*** Block opens ***

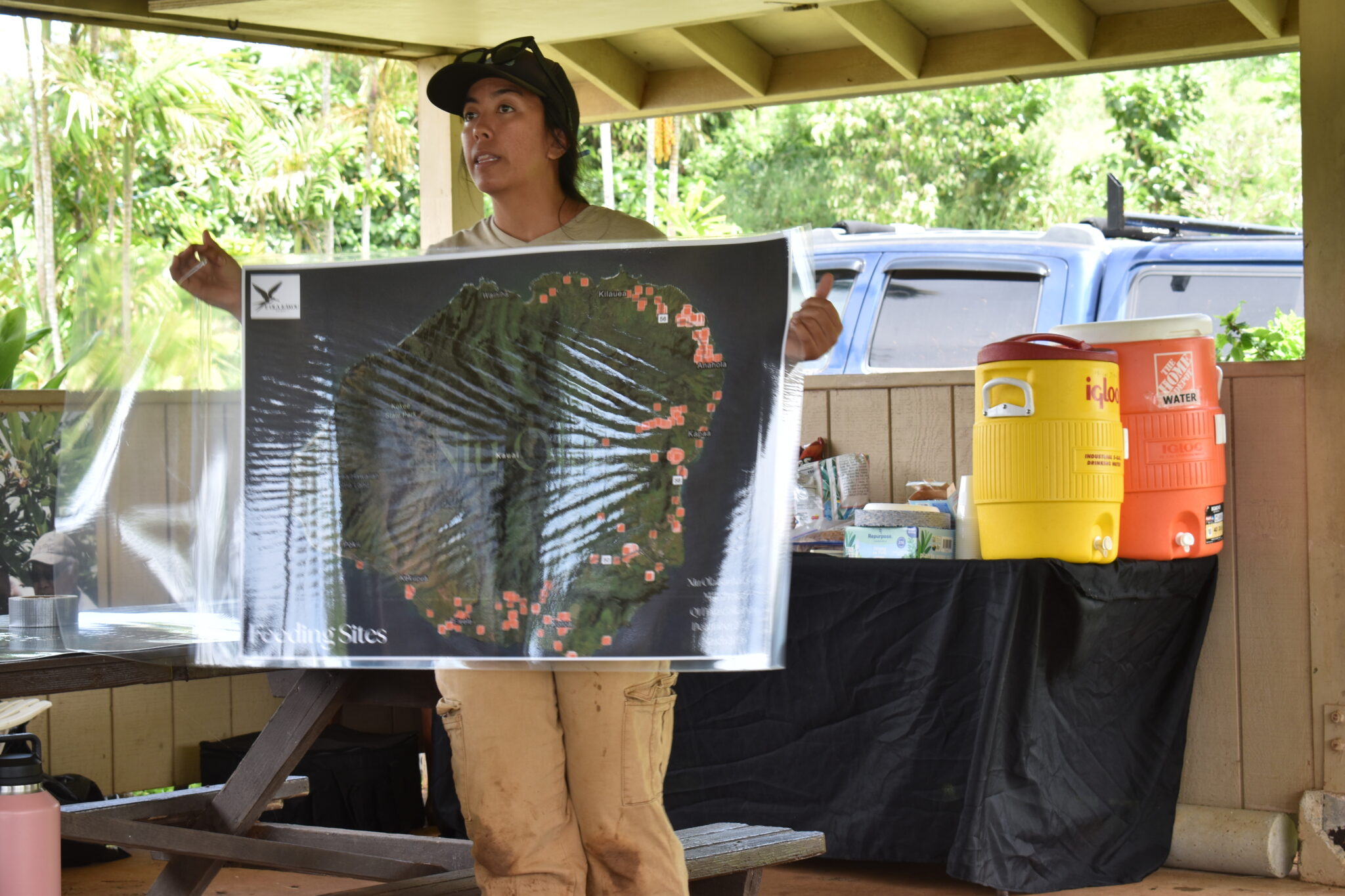 Nākai‘elua Villatora holds a laminated printout of a map of Kaua‘i with orange squares and circles depicting Coconut Rhinoceros Beetle feeding sites.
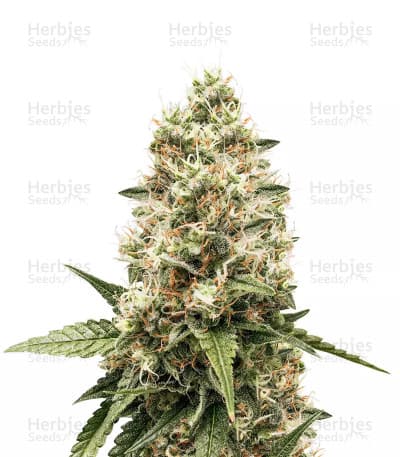 Critical Kush seeds at Herbies Head Shop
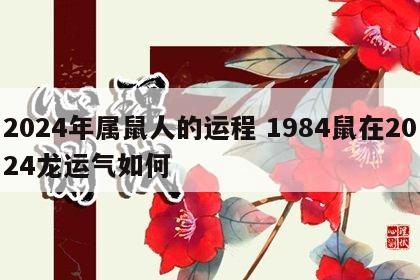2024年属鼠人的运程 1984鼠在2024龙运气如何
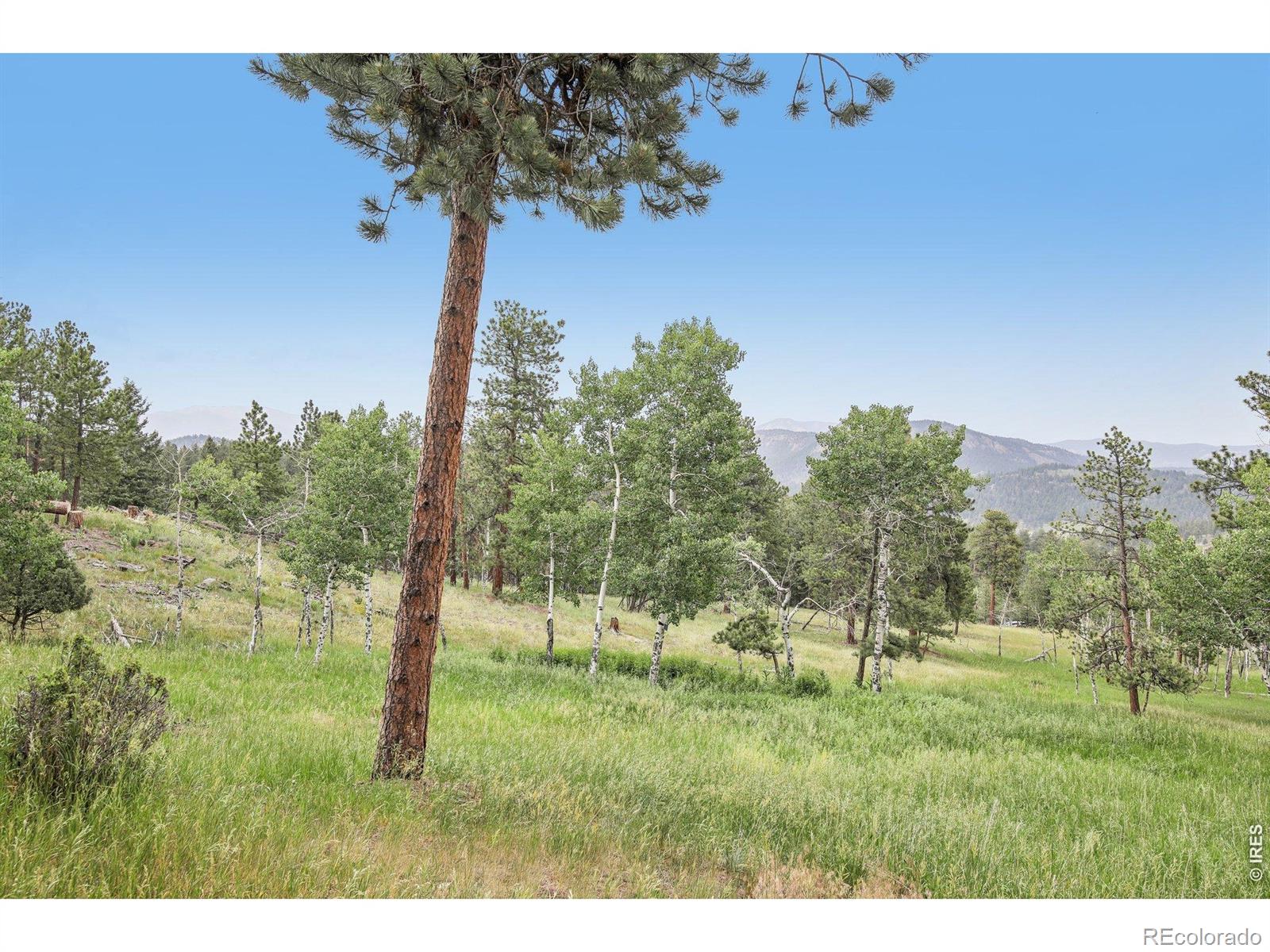 MLS Image #39 for 278  overlook drive,bailey, Colorado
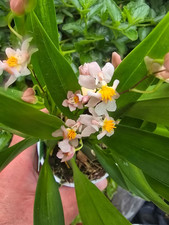 Rare oncidium twinkle for sale  HALSTEAD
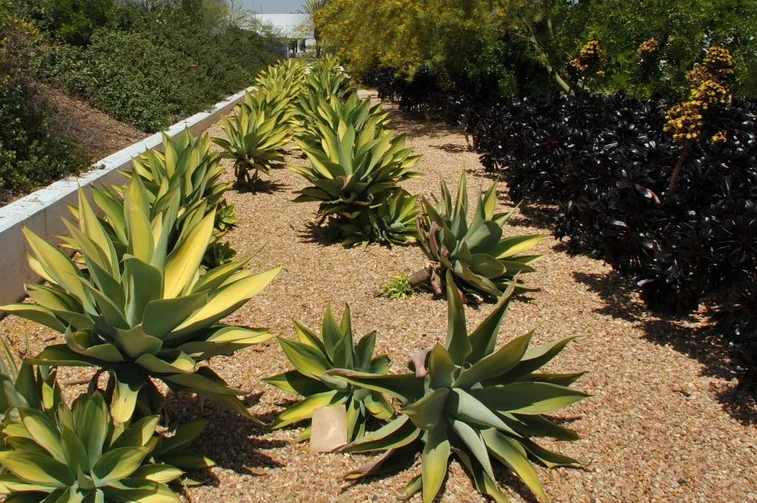 xeriscape.jpg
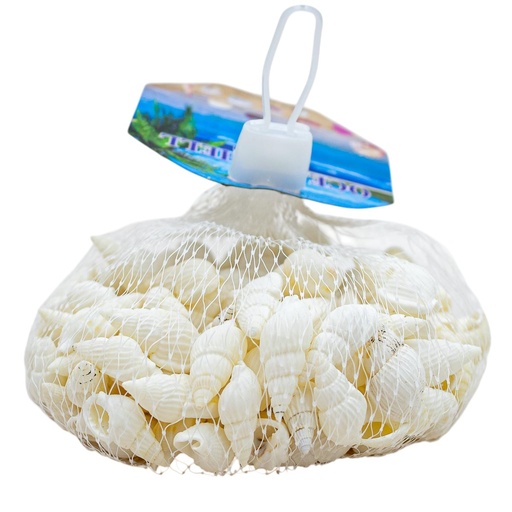 [60255] Caracoles de mar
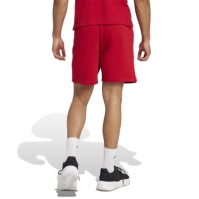 adidas Bayern Munich DNA Shorts 2024 2025 Adults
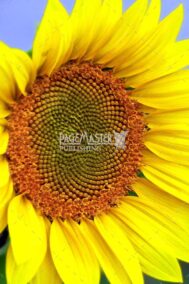 Helen's Sunflower by Bruce Deacon on PageMaster Publishing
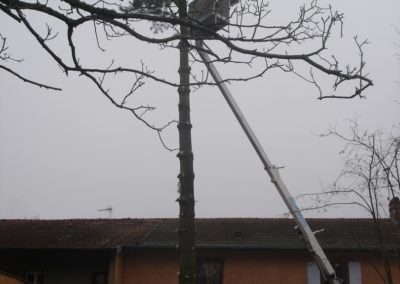 elagage (2) cottet jardins paysagiste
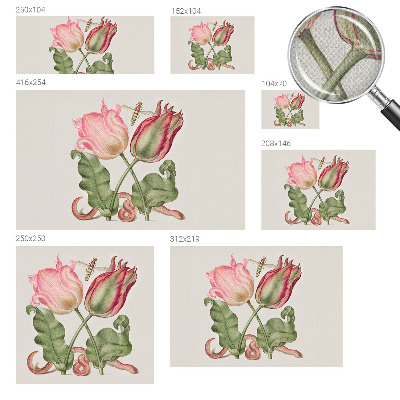 Selbstklebende Fototapete Tulpenschönheit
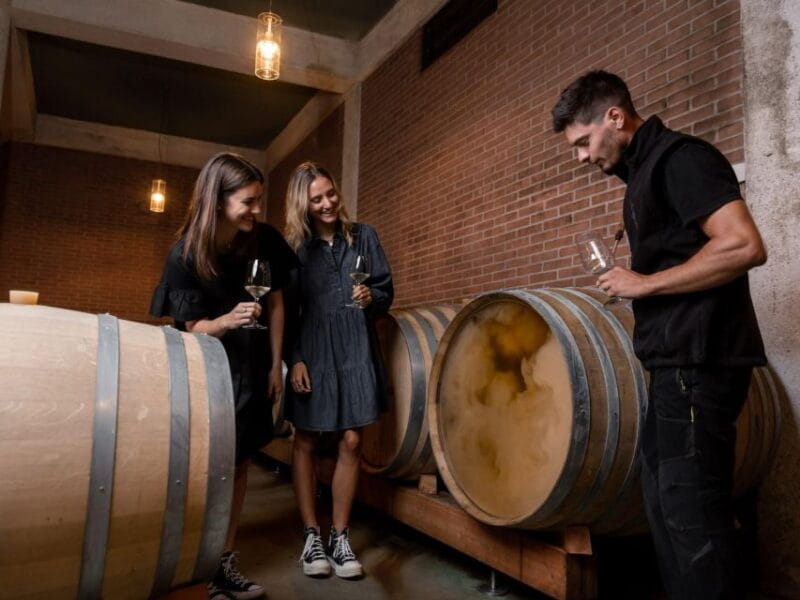 Tramin/Termeno: Winery Tour & Wine Tasting, J. Hofstätter - Key points / Takeaways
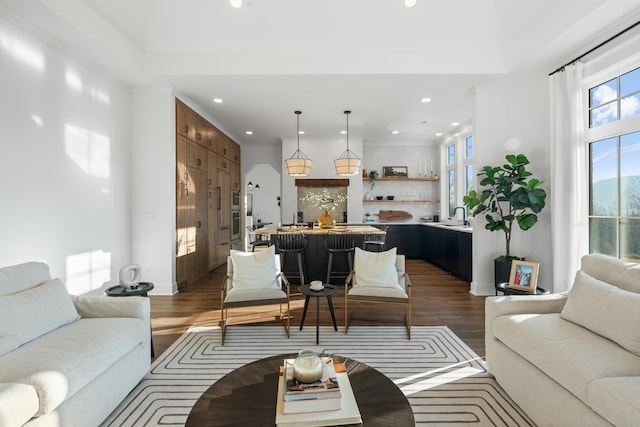 living room featuring sink and dark hardwood / wood-style flooring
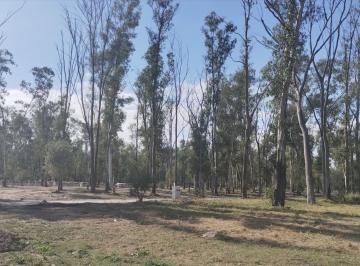 Foto · Lote Oportunidad Para Inversión o Construir en Nuevo Malagueño Numa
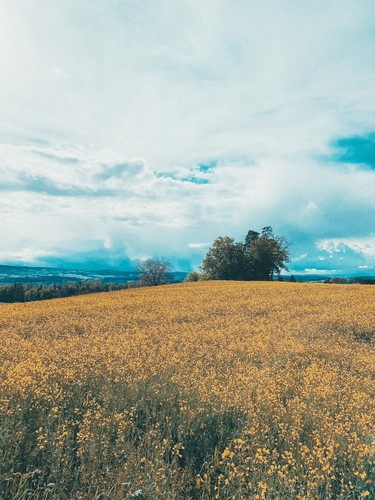 Affoltern am Albis, Switzerland | 2021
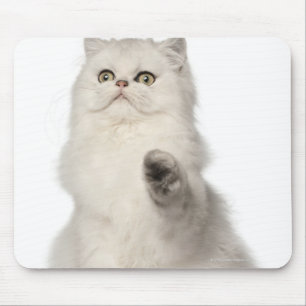 Alfombrilla De Ratón Gato persa sentado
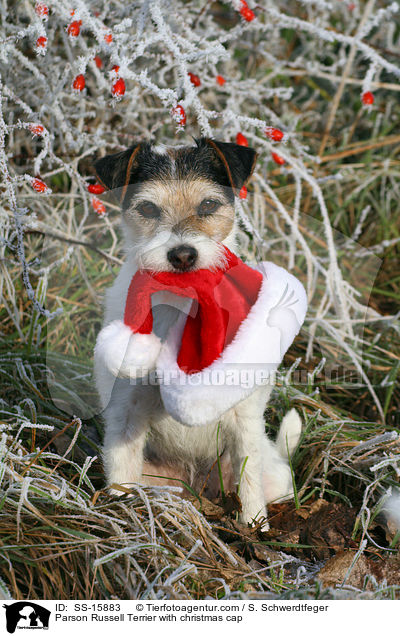 Parson Russell Terrier with christmas cap / SS-15883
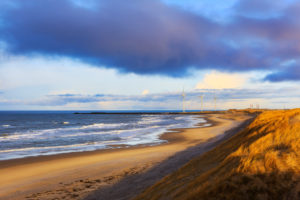 Dunes at Hvide Sande beach Dunes at Hvide Sande beach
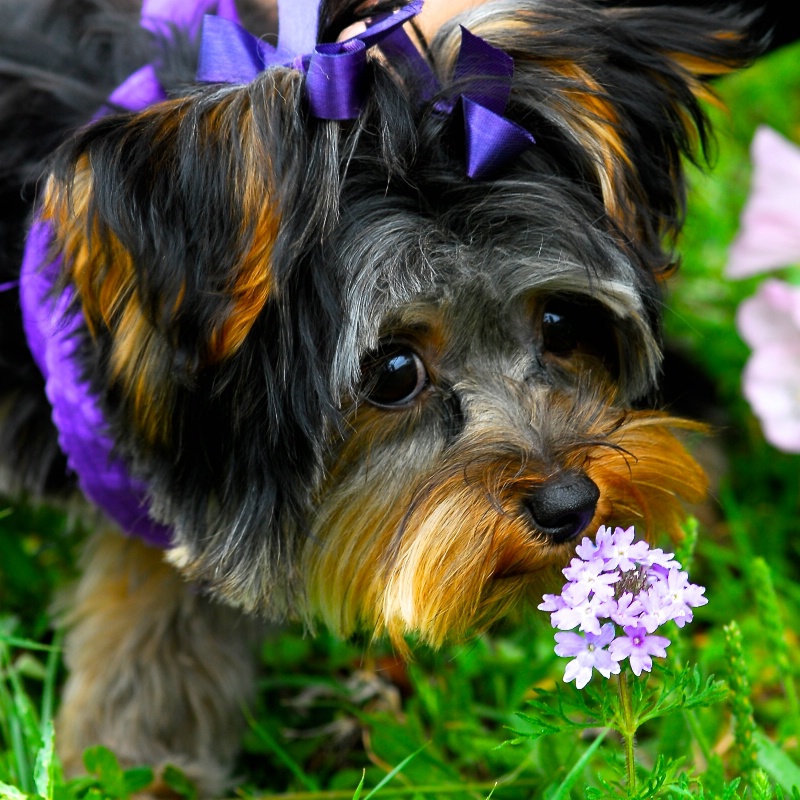 Yorkie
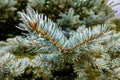 Branches and needles of the Blue Colorado Spruce Picea pungens Glauca Globosa Royalty Free Stock Photo
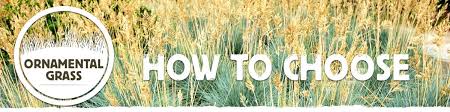 How To Choose The Best Ornamental Grasses
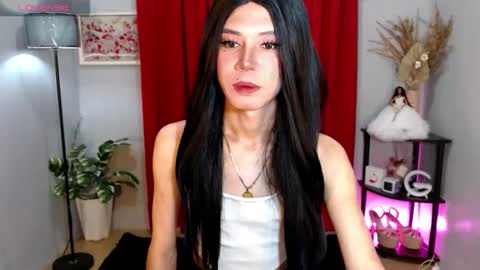 Stella online show from November 21, 2025, 8:02 am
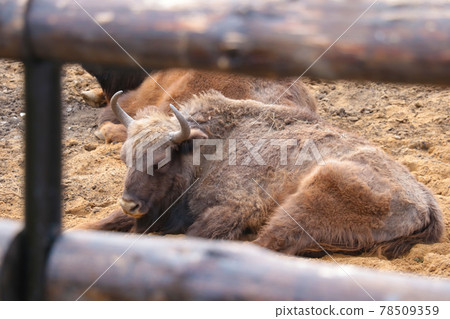 A bison lies on the ground, eyes closed, asleep. A bison lies on the ground, eyes closed, asleep. 78509359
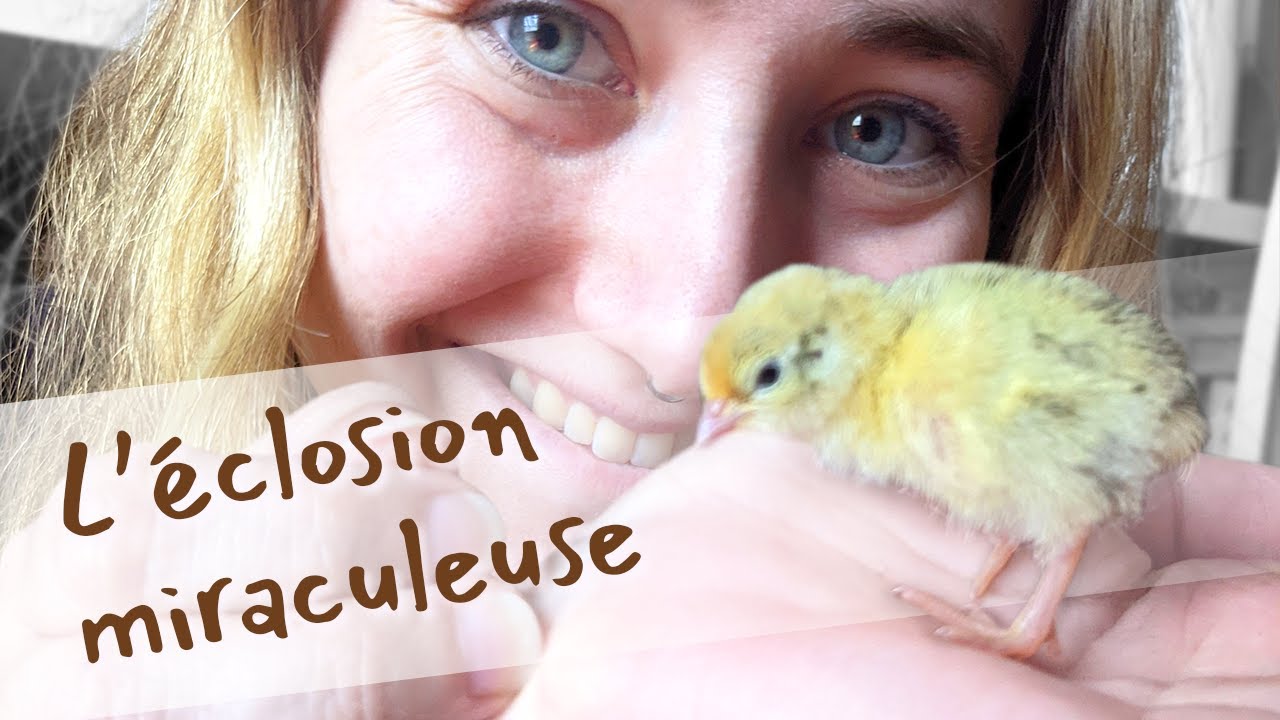 J'ai couvé des oeufs de cailles du supermarché | expérience couveuse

*** Block closes ***

_Exercise prompt:_ Go to the line above that has "Helen's Sunflower by" and copy exactly from there down to the line that has "living room featuring", both included. Leave the pictures out.

_Final answer:_
 Helen's Sunflower by Bruce Deacon on PageMaster Publishing
 elagage (2) cottet jardins paysagiste
 Selbstklebende Fototapete Tulpenschönheit
 Tramin/Termeno: Winery Tour & Wine Tasting, J. Hofstätter - Key points / Takeaways
 living room featuring sink and dark hardwood / wood-style flooring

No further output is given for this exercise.